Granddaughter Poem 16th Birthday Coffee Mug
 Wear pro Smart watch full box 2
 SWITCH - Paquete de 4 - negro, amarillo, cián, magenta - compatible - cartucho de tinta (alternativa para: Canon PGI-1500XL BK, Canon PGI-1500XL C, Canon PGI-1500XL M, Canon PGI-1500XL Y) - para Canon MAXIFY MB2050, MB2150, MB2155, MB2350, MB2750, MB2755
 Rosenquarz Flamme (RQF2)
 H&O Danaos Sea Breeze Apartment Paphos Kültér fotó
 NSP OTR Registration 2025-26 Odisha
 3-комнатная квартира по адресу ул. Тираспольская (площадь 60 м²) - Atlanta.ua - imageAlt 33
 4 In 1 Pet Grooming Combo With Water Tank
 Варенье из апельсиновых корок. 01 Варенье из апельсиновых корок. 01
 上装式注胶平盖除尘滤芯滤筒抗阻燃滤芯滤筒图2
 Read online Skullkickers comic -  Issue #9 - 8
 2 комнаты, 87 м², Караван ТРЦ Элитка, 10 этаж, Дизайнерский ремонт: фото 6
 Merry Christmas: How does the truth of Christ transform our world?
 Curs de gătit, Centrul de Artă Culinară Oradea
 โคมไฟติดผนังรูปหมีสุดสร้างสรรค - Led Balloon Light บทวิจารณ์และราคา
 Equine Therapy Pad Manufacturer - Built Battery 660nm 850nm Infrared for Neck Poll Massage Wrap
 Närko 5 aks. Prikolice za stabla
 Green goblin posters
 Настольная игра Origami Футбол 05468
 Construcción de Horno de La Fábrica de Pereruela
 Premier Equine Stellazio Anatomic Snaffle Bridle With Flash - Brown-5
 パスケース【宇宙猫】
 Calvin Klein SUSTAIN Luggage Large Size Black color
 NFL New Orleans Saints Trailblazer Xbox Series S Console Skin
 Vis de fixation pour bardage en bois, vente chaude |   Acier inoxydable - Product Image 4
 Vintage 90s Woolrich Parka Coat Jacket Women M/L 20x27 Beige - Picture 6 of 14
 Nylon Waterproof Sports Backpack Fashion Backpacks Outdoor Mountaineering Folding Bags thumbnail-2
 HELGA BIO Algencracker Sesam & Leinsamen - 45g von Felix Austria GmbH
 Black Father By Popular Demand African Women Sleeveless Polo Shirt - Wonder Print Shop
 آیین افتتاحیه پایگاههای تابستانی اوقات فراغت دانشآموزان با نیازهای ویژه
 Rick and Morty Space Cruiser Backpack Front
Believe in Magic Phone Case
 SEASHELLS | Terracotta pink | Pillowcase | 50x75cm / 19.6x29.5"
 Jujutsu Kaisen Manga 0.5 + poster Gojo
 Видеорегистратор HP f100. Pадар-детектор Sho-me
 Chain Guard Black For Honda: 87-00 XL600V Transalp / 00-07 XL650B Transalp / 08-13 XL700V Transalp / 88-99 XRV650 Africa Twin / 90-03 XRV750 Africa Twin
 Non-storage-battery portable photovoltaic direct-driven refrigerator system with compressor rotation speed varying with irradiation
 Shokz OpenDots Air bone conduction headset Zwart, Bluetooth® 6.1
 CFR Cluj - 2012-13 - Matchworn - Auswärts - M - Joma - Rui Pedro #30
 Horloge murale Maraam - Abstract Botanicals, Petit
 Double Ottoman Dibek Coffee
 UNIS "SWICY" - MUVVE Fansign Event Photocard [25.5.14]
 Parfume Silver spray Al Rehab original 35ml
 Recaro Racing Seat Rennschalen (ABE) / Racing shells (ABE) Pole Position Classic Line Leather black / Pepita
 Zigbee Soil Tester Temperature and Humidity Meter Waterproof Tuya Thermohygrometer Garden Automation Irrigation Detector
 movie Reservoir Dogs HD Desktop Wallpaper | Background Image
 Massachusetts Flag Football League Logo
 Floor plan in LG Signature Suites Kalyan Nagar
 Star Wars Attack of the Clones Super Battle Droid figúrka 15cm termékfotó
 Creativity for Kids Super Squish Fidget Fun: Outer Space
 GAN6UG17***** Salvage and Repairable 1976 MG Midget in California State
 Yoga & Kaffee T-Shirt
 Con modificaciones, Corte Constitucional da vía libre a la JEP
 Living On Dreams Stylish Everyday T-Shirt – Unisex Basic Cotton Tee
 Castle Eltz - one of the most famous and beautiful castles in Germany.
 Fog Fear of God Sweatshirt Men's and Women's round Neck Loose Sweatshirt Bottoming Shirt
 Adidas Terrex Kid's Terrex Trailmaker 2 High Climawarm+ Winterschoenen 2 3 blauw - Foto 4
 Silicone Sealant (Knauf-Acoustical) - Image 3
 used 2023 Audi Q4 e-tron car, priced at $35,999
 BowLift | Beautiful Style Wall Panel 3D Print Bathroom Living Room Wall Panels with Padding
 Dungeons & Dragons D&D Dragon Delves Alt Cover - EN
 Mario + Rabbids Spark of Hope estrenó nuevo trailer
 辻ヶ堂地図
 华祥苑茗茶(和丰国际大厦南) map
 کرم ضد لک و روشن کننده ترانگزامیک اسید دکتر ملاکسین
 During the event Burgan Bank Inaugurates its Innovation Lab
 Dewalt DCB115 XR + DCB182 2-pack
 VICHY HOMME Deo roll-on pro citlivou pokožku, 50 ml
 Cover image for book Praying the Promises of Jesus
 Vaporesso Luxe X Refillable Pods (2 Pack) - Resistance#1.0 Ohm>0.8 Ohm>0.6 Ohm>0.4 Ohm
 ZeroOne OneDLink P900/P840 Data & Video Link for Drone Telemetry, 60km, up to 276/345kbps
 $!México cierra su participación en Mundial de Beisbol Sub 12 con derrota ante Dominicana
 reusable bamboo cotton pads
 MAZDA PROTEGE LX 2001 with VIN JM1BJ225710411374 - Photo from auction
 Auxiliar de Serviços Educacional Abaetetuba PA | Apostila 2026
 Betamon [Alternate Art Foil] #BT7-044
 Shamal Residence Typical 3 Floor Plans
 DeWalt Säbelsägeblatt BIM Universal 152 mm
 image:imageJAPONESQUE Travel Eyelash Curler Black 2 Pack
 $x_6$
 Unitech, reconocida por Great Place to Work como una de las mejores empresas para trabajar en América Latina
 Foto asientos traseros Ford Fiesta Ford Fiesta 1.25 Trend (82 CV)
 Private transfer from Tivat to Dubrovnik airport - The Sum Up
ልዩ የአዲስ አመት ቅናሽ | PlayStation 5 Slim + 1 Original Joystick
· · ·
▶ WORK INSTRUCTIONS
Using the entries above, copy out all lines that contain the string "Backpack".

▶ RESPONSE TO THE EXERCISE
 Nylon Waterproof Sports Backpack Fashion Backpacks Outdoor Mountaineering Folding Bags thumbnail-2
 Rick and Morty Space Cruiser Backpack Front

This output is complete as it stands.